Bertha Yerex Whitman (1892–1984) was an American architect who was the first woman to graduate in architecture from the University of Michigan. She had a long career as an architect in Illinois, especially around Evanston and Glencoe.

==Early life and education==
Bertha Louise Yerex was born in Newaygo, Michigan, in 1892, the middle of three daughters of Charles Napier Yerex and Emma Retta (Giles) Yerex. Her father was the town's train station master and telegrapher. She received a teaching certificate from Eastern Michigan University in 1911 and went on to teach at the local elementary school for two years. Prompted by an aunt who taught her to design quilts, as well as by her own mathematical inclinations, she took a correspondence course in mechanical drafting. This led her to decide on a career in architecture.

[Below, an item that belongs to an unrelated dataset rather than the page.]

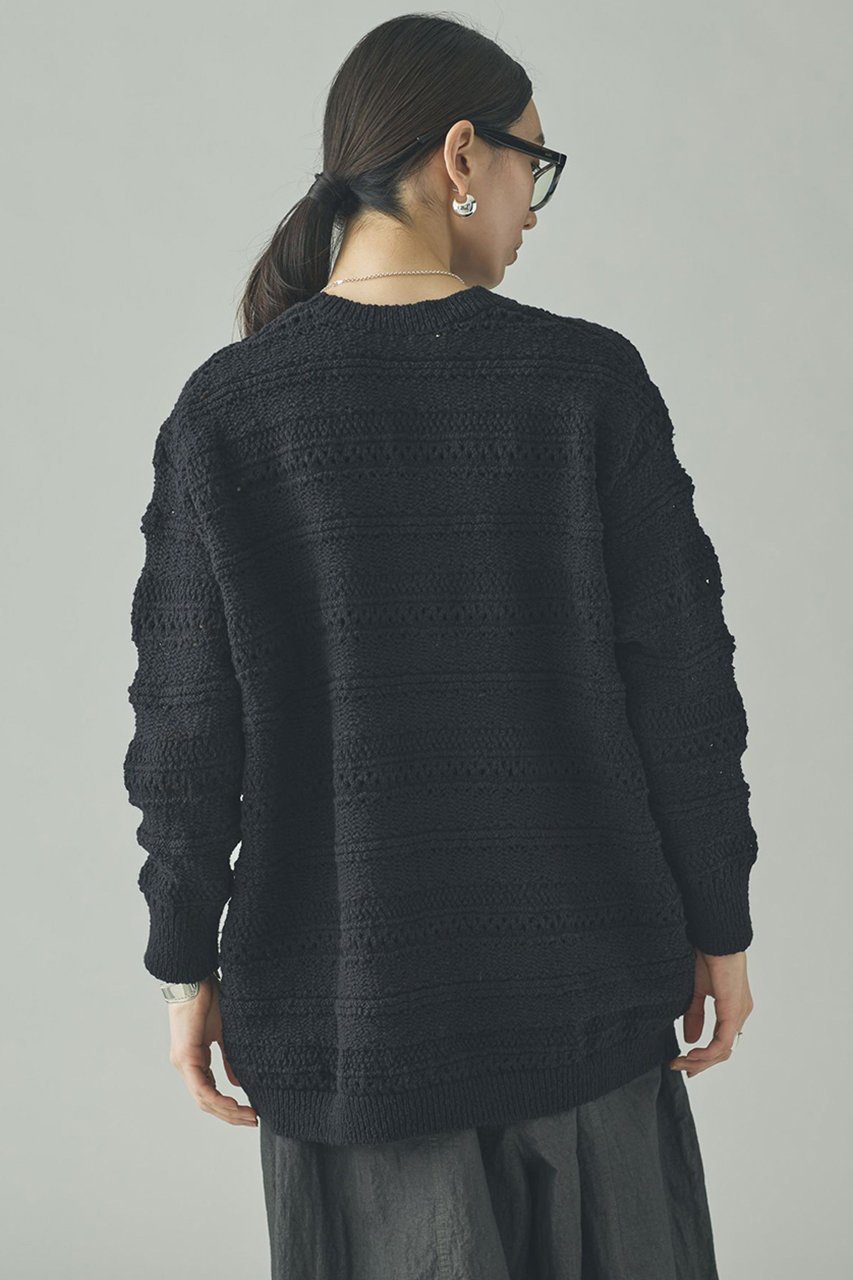 【カレンソロジー/Curensology】のスラブスカシアミニットプルオーバー 人気、トレンドファッション・服の通販 founy(ファニー) 　ファッション　Fashion　レディースファッション　Fashion for Women　トップス・カットソー　Cut & Sew Tops　ニット　Knit Tops & Sweaters　カジュアルプルオーバー・ニットトップス　Pullovers & Knit Tops / Casual Pullovers　アクセサリー　Fashion Accessories　インナー　Innerwear　タンク　Tank Top, Sleeveless Top　透かし　Cut-Out, Lacework　other-4|ID: prp329100004808732 ipo3291000000035975930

She entered the University of Michigan College of Architecture and Design in 1914. She later recalled that the dean had initially told her she would not be welcome in the program, but she enrolled anyway. While at the university, she was a cofounder of the T-Square Society, a student club for women engineers and architects. When America entered World War I and most of her male classmates enlisted in the army, she took a leave from the college to support the war effort and so that she would be able to graduate with her classmates. During her two-year hiatus from school, she worked in Detroit, Michigan, as the Dodge Brothers Company's first woman draughtsperson. After the war, she returned to her studies and in 1920 became the college's first women architecture graduate.

In 1919, she married Lloyd E. Whitman, with whom she went on to have two children, Suzanne and Charles.

==Career==
Whitman moved to the Chicago area in 1921. She initially had difficulty finding work in Chicago architecture offices, even as a draughtsperson. Eventually she joined the firm of Perkins, Fellows, and Hamilton, where her drafting skills were highly valued. She obtained her Illinois architectural license in 1926 and began taking on independent commissions for residences. She settled in Evanston, Illinois, and during a career spanning six decades designed more than 50 residences as well as apartment buildings, schools, and churches. She worked mostly around Evanston, Glencoe, and Chicago, but she also designed buildings in the states of Florida, Georgia, Tennessee, Michigan, and Wisconsin.

The Depression years were difficult for Whitman after her husband's business failed and he left her in 1934. To better support her children, she got a job with the state of Illinois as a social worker, but within a few years had moved over to remodeling offices for government buildings. Whitman simultaneously kept her solo architectural practice going, working closely with Evanston-area builders. One of her designs won a local award as well as being showcased in the women’s architecture display at the 1933 World’s Fair. Whitman valued house plans that made efficient use of space and were oriented towards the needs of daily domestic life, and she took pride in the fact that they were sturdy and well engineered.

In 1928, Whitman became one of the nine founders of the Women's Architectural Club of Chicago, along with Juliet Peddle. The club was active into the 1940s, when it merged with the American Institute of Architecture.

Whitman liked to travel to study world architectural styles, and over the course of her lifetime visited countries in Europe, Africa, and Asia. In the 1960s she wrote a book about her travels, A Tyro Takes a Trip (1971).

Whitman returned to Michigan later in life and lived in Ann Arbor. She died in Cass City, Michigan, in 1984. Her papers are held by the Bentley Historical Library at the University of Michigan and include photographs of buildings she designed.